--- WHAT THE TASK REQUIRES ---
For the entries below, repeat exactly each line starting with the one that contains "Mineral Gray Metallic" and going on through the one that contains "A picture of", and no others.

--- MATERIAL FOR THIS TASK ---
★ ★ ★ ★ ★ ★ ★

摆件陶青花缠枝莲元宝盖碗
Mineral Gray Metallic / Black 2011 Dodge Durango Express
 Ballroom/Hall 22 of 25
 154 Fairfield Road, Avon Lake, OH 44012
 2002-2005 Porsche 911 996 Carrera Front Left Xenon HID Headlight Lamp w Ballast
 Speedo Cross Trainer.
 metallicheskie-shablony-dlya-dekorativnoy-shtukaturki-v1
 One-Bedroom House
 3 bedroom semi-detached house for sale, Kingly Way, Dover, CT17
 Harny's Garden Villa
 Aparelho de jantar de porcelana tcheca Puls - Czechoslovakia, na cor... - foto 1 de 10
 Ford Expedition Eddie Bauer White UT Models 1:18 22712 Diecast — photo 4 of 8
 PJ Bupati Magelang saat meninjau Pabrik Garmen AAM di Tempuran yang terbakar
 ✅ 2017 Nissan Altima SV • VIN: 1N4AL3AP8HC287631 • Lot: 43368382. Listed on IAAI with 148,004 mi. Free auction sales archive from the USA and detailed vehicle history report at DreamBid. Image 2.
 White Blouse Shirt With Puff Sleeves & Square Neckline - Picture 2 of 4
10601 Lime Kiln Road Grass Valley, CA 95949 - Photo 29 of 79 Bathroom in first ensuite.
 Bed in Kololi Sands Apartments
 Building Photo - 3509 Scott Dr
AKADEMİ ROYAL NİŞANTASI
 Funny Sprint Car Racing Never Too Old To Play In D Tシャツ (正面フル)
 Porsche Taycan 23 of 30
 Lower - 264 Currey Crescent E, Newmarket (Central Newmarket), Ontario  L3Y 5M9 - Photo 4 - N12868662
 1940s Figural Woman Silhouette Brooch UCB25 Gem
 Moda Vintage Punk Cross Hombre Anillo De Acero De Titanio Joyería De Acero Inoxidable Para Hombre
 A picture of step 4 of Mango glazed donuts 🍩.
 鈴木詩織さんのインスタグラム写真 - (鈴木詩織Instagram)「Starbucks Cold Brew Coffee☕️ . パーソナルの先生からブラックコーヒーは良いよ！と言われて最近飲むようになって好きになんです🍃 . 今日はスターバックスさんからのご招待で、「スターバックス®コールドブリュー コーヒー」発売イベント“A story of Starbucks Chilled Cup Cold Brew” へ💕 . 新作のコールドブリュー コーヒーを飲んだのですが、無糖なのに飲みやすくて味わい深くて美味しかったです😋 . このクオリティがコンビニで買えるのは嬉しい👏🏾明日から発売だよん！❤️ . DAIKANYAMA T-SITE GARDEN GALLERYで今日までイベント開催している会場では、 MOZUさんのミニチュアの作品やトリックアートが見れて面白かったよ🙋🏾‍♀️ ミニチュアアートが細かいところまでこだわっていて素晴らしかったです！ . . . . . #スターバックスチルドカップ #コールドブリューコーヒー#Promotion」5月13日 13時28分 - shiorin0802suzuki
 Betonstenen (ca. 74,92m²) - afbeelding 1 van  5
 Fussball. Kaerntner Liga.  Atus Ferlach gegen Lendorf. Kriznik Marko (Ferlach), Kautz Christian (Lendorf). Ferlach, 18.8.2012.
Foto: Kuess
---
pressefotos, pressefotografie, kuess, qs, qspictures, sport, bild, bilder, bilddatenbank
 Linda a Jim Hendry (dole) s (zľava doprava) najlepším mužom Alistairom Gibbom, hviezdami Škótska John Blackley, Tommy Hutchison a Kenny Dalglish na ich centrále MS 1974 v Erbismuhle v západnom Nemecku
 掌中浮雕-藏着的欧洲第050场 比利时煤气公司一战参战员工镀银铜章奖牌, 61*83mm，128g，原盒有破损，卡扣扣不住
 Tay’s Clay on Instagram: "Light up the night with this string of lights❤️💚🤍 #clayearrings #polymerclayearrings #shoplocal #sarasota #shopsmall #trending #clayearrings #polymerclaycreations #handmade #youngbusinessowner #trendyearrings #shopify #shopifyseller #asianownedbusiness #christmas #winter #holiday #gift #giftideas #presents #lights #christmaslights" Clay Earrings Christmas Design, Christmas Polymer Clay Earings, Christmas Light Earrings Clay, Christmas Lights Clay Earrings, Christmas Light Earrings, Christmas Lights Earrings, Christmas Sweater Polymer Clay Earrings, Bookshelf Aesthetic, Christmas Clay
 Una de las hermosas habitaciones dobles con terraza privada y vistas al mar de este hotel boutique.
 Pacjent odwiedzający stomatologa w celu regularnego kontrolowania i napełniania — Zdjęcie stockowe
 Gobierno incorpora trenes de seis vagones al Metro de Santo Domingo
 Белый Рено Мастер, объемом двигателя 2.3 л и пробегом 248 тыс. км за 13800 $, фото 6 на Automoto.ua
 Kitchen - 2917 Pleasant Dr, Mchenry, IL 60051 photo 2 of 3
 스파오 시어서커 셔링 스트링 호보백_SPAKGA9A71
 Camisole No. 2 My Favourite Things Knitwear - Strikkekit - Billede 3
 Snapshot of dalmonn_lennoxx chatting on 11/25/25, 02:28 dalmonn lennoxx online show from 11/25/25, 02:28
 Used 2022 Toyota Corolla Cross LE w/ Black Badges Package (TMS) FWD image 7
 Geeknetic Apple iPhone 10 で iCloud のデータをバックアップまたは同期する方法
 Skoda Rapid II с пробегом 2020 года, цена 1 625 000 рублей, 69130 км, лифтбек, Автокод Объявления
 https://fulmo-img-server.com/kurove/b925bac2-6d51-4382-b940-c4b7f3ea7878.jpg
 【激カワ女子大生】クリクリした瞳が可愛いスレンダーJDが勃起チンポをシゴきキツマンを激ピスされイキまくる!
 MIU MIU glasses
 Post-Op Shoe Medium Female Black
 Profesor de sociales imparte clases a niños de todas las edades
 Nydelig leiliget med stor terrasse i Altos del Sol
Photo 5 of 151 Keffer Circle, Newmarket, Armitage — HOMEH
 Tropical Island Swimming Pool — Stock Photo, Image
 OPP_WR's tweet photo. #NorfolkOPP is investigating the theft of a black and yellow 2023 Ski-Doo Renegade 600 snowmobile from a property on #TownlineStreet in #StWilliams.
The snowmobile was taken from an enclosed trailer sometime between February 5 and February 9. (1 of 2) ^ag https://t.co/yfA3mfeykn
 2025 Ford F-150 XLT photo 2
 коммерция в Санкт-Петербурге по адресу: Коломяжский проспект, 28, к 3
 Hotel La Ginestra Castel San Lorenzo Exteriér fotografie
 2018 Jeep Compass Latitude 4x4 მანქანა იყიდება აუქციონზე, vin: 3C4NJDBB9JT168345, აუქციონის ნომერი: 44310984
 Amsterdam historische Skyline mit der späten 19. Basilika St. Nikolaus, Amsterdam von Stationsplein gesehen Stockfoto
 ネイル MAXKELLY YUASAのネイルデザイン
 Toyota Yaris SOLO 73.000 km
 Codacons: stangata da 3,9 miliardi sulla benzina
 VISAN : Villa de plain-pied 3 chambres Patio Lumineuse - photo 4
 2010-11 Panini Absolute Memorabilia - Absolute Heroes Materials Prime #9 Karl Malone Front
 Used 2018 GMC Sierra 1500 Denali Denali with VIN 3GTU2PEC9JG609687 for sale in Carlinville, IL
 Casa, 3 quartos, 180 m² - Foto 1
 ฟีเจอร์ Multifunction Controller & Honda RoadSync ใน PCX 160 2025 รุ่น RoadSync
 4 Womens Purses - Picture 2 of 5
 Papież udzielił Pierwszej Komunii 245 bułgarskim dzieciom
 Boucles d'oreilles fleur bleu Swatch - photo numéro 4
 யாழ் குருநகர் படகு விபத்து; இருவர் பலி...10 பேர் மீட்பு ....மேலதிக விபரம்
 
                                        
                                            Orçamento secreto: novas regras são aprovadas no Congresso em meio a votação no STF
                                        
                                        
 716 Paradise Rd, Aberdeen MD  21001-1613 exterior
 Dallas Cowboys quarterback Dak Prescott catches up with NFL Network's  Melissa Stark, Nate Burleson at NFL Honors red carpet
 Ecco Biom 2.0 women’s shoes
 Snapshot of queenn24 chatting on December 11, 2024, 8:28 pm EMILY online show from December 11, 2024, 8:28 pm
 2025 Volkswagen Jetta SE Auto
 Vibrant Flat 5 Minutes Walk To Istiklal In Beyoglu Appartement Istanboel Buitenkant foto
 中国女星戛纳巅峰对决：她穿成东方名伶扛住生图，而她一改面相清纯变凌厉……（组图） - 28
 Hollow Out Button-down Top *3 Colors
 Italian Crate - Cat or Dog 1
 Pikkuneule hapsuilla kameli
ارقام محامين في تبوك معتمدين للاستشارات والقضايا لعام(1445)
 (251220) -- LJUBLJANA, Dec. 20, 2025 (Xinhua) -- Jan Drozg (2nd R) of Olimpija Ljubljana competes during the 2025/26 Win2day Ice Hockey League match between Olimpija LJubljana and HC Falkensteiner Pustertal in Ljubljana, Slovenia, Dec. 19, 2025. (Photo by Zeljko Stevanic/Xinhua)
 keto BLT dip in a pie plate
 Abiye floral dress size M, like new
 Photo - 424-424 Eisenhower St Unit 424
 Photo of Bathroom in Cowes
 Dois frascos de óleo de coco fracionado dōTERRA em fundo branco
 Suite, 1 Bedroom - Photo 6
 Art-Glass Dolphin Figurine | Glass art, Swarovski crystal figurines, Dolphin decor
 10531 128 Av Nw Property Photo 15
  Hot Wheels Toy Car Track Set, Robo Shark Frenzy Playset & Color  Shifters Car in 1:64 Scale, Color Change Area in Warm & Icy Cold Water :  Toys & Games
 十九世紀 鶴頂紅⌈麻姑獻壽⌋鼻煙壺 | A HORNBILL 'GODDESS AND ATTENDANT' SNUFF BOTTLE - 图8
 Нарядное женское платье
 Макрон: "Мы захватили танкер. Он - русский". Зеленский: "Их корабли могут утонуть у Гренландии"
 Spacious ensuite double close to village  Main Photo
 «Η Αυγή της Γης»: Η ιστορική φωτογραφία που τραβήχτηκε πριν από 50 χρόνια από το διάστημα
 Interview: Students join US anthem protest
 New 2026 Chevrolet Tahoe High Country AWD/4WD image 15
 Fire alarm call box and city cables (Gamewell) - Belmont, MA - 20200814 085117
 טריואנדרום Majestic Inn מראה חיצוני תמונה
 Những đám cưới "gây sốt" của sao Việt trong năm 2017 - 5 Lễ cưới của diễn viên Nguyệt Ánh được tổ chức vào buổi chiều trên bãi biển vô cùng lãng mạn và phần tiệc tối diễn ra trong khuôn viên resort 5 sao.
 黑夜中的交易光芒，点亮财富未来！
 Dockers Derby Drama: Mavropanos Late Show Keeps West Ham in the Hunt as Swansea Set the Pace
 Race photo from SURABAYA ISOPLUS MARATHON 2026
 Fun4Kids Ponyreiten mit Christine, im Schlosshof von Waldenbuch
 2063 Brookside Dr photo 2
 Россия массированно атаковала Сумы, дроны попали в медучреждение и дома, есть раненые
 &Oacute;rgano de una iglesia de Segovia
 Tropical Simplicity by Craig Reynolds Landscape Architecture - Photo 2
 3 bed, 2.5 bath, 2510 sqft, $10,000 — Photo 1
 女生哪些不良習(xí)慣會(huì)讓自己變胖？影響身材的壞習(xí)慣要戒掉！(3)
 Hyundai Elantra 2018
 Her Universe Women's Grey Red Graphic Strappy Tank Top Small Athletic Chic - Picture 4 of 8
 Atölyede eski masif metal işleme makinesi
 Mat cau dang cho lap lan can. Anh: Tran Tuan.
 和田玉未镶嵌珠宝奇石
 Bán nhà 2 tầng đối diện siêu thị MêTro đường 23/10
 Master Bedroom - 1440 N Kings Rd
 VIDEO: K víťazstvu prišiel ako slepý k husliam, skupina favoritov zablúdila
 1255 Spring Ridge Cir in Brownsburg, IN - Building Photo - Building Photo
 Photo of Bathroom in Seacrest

★ ★ ★ ★ ★ ★ ★

--- OUTPUT OF THE TASK ---
Mineral Gray Metallic / Black 2011 Dodge Durango Express
 Ballroom/Hall 22 of 25
 154 Fairfield Road, Avon Lake, OH 44012
 2002-2005 Porsche 911 996 Carrera Front Left Xenon HID Headlight Lamp w Ballast
 Speedo Cross Trainer.
 metallicheskie-shablony-dlya-dekorativnoy-shtukaturki-v1
 One-Bedroom House
 3 bedroom semi-detached house for sale, Kingly Way, Dover, CT17
 Harny's Garden Villa
 Aparelho de jantar de porcelana tcheca Puls - Czechoslovakia, na cor... - foto 1 de 10
 Ford Expedition Eddie Bauer White UT Models 1:18 22712 Diecast — photo 4 of 8
 PJ Bupati Magelang saat meninjau Pabrik Garmen AAM di Tempuran yang terbakar
 ✅ 2017 Nissan Altima SV • VIN: 1N4AL3AP8HC287631 • Lot: 43368382. Listed on IAAI with 148,004 mi. Free auction sales archive from the USA and detailed vehicle history report at DreamBid. Image 2.
 White Blouse Shirt With Puff Sleeves & Square Neckline - Picture 2 of 4
10601 Lime Kiln Road Grass Valley, CA 95949 - Photo 29 of 79 Bathroom in first ensuite.
 Bed in Kololi Sands Apartments
 Building Photo - 3509 Scott Dr
AKADEMİ ROYAL NİŞANTASI
 Funny Sprint Car Racing Never Too Old To Play In D Tシャツ (正面フル)
 Porsche Taycan 23 of 30
 Lower - 264 Currey Crescent E, Newmarket (Central Newmarket), Ontario  L3Y 5M9 - Photo 4 - N12868662
 1940s Figural Woman Silhouette Brooch UCB25 Gem
 Moda Vintage Punk Cross Hombre Anillo De Acero De Titanio Joyería De Acero Inoxidable Para Hombre
 A picture of step 4 of Mango glazed donuts 🍩.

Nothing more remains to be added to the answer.